Depois desta conversa a relação com a mãe melhorou, a ponto dela fazer alguns figurinos para ele. Quanto aos shows, a mãe prefere não ver. Apenas acompanha as fotos e matérias de jornais. Para ela o maior medo é que Robson vire mulher. A mãe acompanhou o drama de um conhecido que é trans, toda marginalização e discriminação, e teme que estas situações possam acontecer com o filho. Já o elo com a irmã foi rompido. A mesma, por convicções religiosas, disse que não poderia partilhar das escolhas do irmão.

 

E na contramão das estatísticas, não deixando a peteca cair literalmente, é que Robson e Aretha seguem juntos partilhando o mesmo corpo físico e ideias. Atualmente faz parte do Drag- Se, coletivo de jovens artistas cariocas que possui um canal no YouTube cujo objetivo é apresentar semanalmente a porta dos fundos (backstage, shows, família, cotidiano, encontros sociais e atividades políticas) da vida desses artistas que empunham a cultura drag, sensibilizando e intensificando a necessidade de visibilidade e debate das identidades múltiplas.

 

Questionado sobre o futuro, prontamente respondeu: “pretendo unir os meus conhecimentos em artes cênicas, figurino, design de moda e as discussões sobre sexualidade e gênero. Gostaria também de poder trabalhar ministrando uma instituição, não exatamente em que área, mas um lugar como a escola que estudei, a Spectaculu Escola de Arte e Tecnologia, em que jovens pudessem se sentir a vontade para se desenvolver enquanto indivíduos. Isso no campo ´profissão mais estável´ (sic). E no paralelo, enquanto artista, desenvolver as questões de sexualidade, gênero e identidade nos campos que citei.
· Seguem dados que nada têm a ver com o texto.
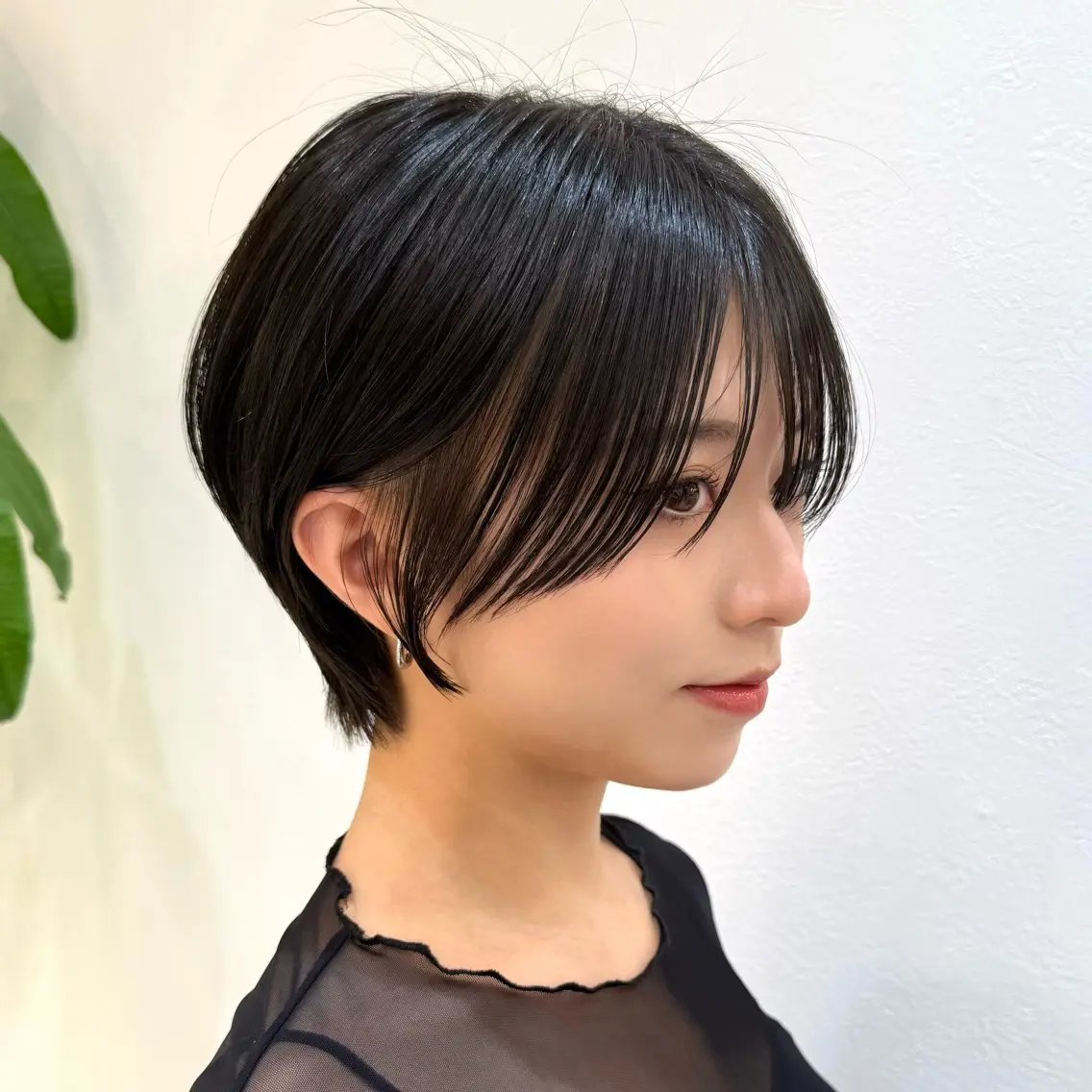 ショート カット ヘアカラー トリートメント 新宿/髪質改善/ボブ 韓国レイヤー大重聖斗のヘアスタイル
Como disse, hoje sou Aretha Sadick Drag Queen, mas antes disso sou Robson Rozza, um artista”.

 

 

 

 

 

Sidney Santiago Kuanza

SIDNEY SANTIAGO KUANZA é ator e membro-fundador da Cia. Os Crespos (SP), pesquisador e estudante de Sociologia e Política (FESPSP).

A Revista O Menelick 2º Ato é um projeto editorial de reflexão e valorização da produção cultural e artística da diáspora negra com destaque para o Brasil.